One of the financial benefits of home ownership is the tax deductibility of some of the costs of ownership. Mortgage interest may be deducted, a tax credit is available for certain energy saving improvements and large improvements to the home may be used to increase the basis of the property for capital gains purposes.
Deduction for Real Estate Taxes Paid
Homeowners are permitted to deduct for real estate taxes paid in that tax year. The deduction for real estate taxes is again limited only to those taxpayers who file a Schedule A, Itemized Deductions. In prior years, there was a standard deduction that permitted a flat deduction for those who did not itemize, but this is no longer permitted.

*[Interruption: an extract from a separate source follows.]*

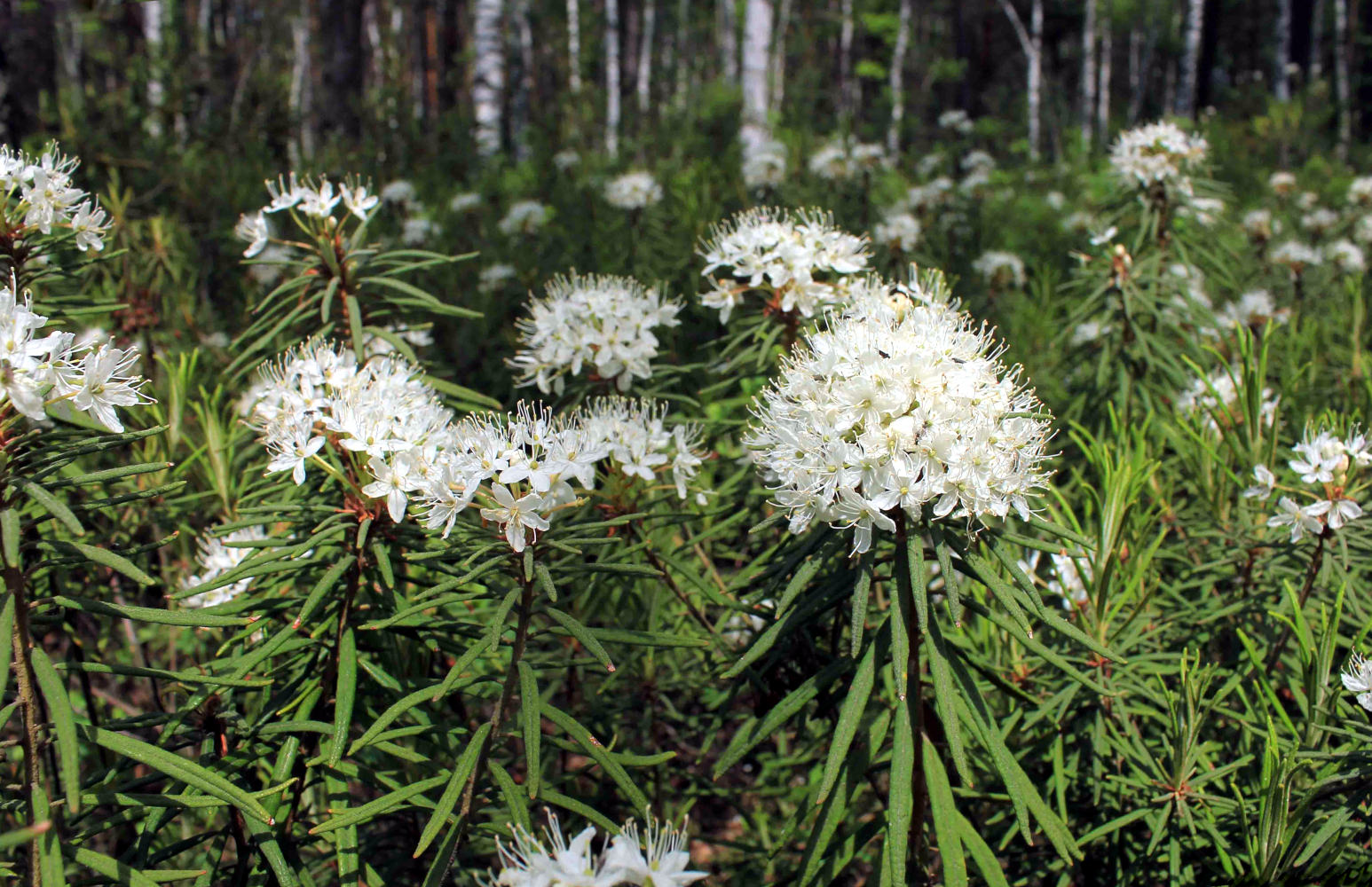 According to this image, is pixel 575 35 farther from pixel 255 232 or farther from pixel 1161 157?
pixel 255 232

To claim the deduction, the following must be true:
- The taxes are deducted in the year they are actually paid, not when they became due. For example, if the taxpayer’s real estate taxes were due on December 15, 2012 but not paid until January 10, 2013 the taxpayer cannot claim the deduction until 2013;
- The taxes paid must be based on those uniformed charged by the taxing jurisdiction. General real estate taxes are almost always uniformly applied. Special assessments for things such as sewer, sidewalks or curbs are usually only charged to the properties receiving the improvements. Thus, special assessments are not deductible;
- If the homeowner pays into a tax and insurance escrow, the homeowner can only deduct the portion paid for taxes. (For rental property, insurance can be deducted).
Claiming the Deduction
In January, the homeowner should receive a 1098 Statement of Mortgage Interest Paid from their lender or third party escrow agent. The envelope from the lender will normally state “Important Tax Information Enclosed” on the face of the envelope. There will be a section indicating the amounts received on the escrow account and the amounts paid on the account. The taxes paid will show the amount of the taxes paid.
If the taxpayer cannot locate their 1098, they can contact the lender or third party escrow agent directly. Or, a call to the County Treasurer’s office in the county in which the real estate is located will provide the information.
For deducting taxes paid on their own home, the taxpayer will report the amount of taxes paid on Line 6 of Schedule A, Itemized Deductions. For rental real estate, the deduction should be reported on line 16, Schedule E, Supplemental Income and Loss. For agricultural property, taxes are reported on line 29, Schedule F, Profit or Loss from Farming. Those unsure about whether taxes paid are deductible in their situation may consider retaining a paid tax preparer.